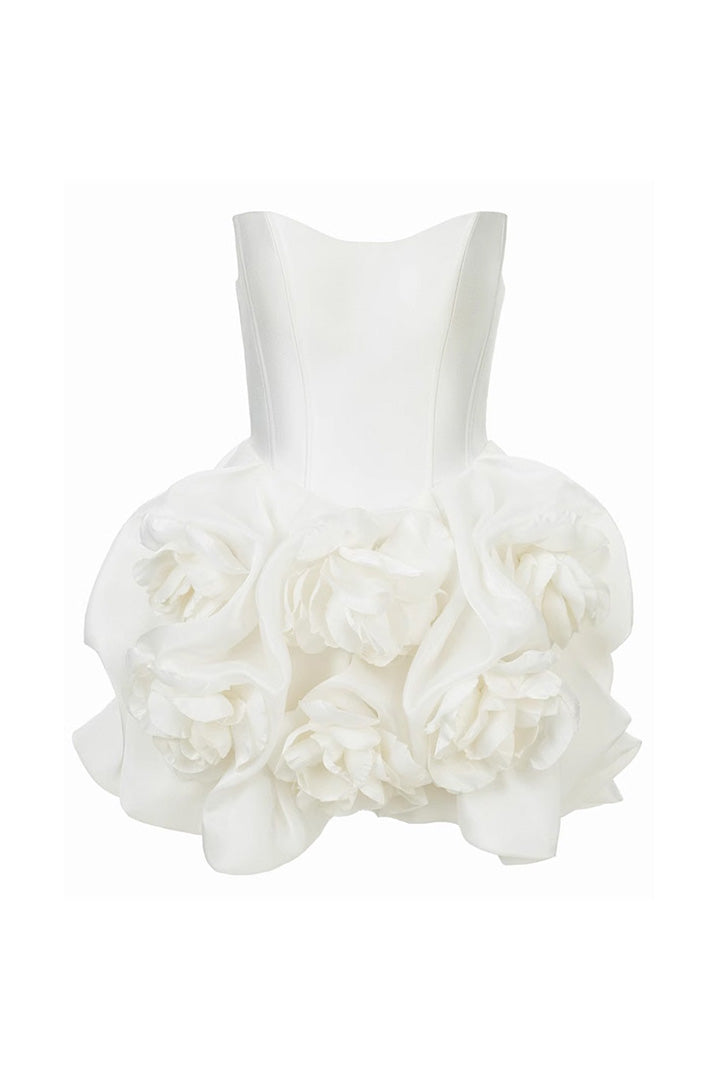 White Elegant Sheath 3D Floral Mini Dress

* * *

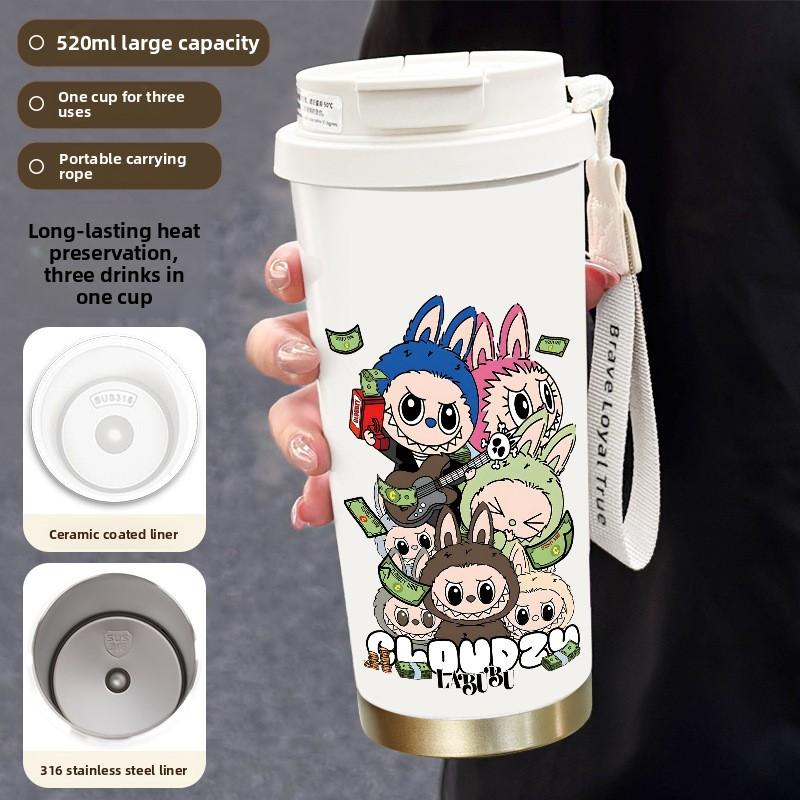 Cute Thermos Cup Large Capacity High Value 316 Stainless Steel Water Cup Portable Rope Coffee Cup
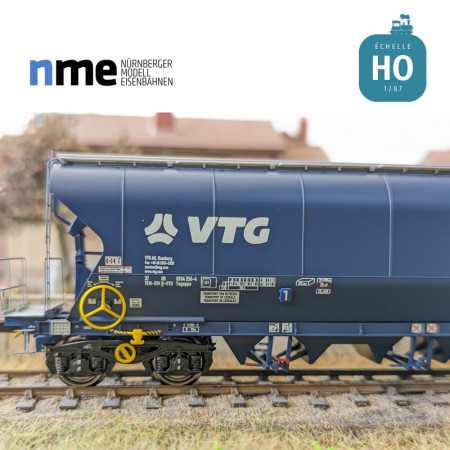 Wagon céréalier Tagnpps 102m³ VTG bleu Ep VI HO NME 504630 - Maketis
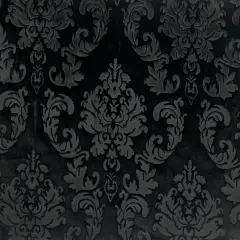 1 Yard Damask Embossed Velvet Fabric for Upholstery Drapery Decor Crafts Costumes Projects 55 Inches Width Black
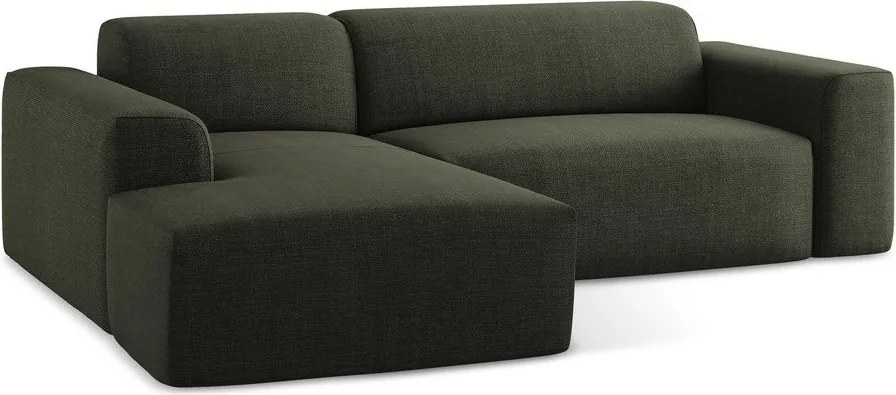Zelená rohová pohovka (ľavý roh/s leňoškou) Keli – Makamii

--

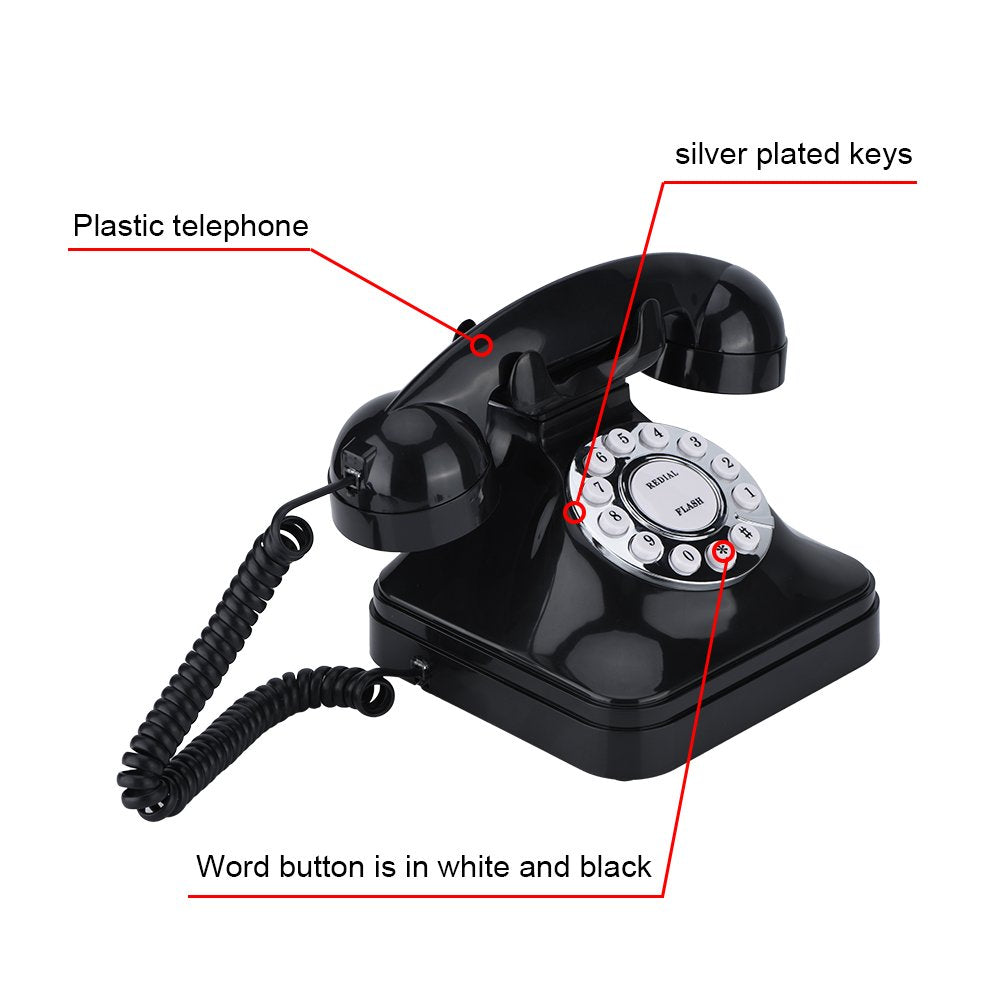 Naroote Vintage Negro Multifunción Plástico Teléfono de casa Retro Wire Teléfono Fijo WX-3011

## Problem to solve
Look above for the line containing "Cute Thermos Cup", then copy exactly from it through the line containing "Zelená rohová pohovka", keeping both and leaving out pictures. Add nothing else.

## Final answer
 Cute Thermos Cup Large Capacity High Value 316 Stainless Steel Water Cup Portable Rope Coffee Cup
 Wagon céréalier Tagnpps 102m³ VTG bleu Ep VI HO NME 504630 - Maketis
 1 Yard Damask Embossed Velvet Fabric for Upholstery Drapery Decor Crafts Costumes Projects 55 Inches Width Black
Zelená rohová pohovka (ľavý roh/s leňoškou) Keli – Makamii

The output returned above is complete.